Kootenays launch for Cigarettes

Every year for the past five years, I've come out to the Kootenays to teach writing in schools in New Denver and Nakusp, as well as the occasional foray into Kimberley, Invermere, and Golden. I've been welcomed into the community in these places, especially in New Denver, where I've spent most of my Kootenay time. So it seemed like a good place to hold a launch for Buying Cigarettes for the Dog. Well, just one town over, in Silverton. Here's the guff:

TORONTO WRITER TO LAUNCH NEW STORY COLLECTION IN THE KOOTENAYS ON MAY 21

Stuart Ross, who has become a familiar fixture in New Denver and Nakusp schools, where he teaches creative writing each spring, will launch his acclaimed new short-story collection in the Kootenays on May 21.
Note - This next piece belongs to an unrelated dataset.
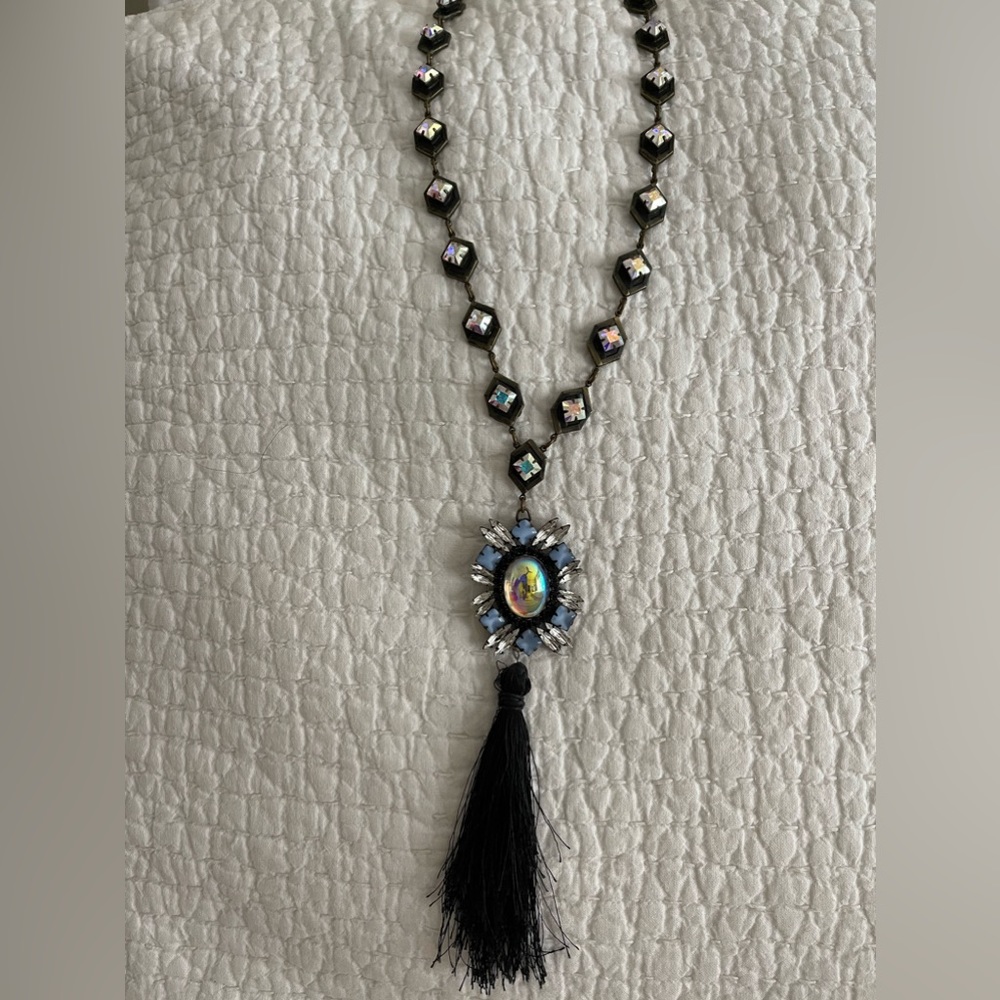 Loren Hope Pendant Necklace with Removable Tassel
The launch for Buying Cigarettes for the Dog, published in April by upstart Calgary press Freehand Books, takes place at 7 pm at the Cup and Saucer Café in Silverton. Ross will read from his new book, and will be joined by two special guests, local writers Diana Hartog and Peter McPhee, who will read from their poetry.
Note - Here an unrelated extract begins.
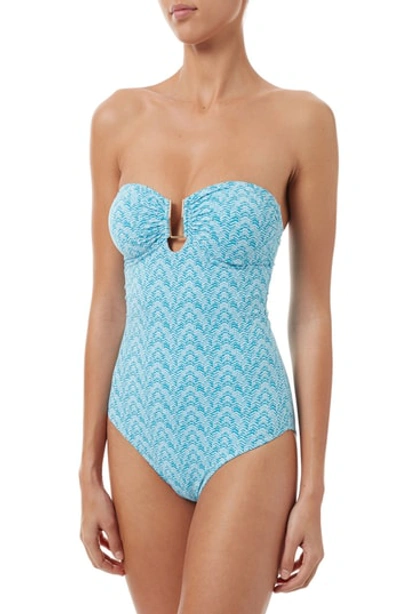 Melissa Odabash Argentina One-piece Swimsuit In Wave Blue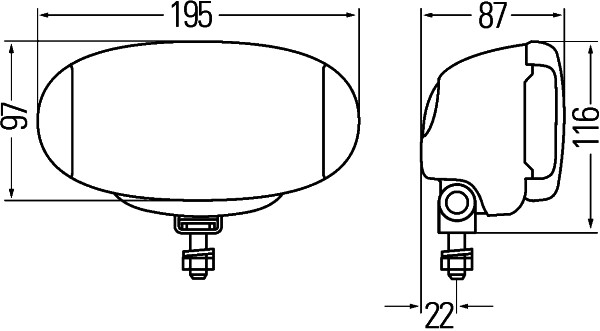 SPOT LAMBA SET COMET FF 550 SAYDAM SOL/SAG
Diana Hartog, a New Denver resident and one of the guest readers at the May 21 launch, has been a major figure in Canada’s literary landscape for decades. She is the author of four acclaimed books of poetry, most recently Ink Monkey (Brick Books, 2006). Hartog has won both the BC Book Prize and the Gerald Lampert Award for her poetry. Her novel The Photographer’s Sweetheart was released in 1996 by Overlook Press to rave reviews.

Peter McPhee, also reading at the launch, moved from Toronto to Slocan Park four years ago. He is the founder of the Scream in High Park, a legendary poetry festival in Toronto, and the author of the poetry collection Running Unconscious (Coach House Press, 1998). He is currently working on a second book of poetry and a novel.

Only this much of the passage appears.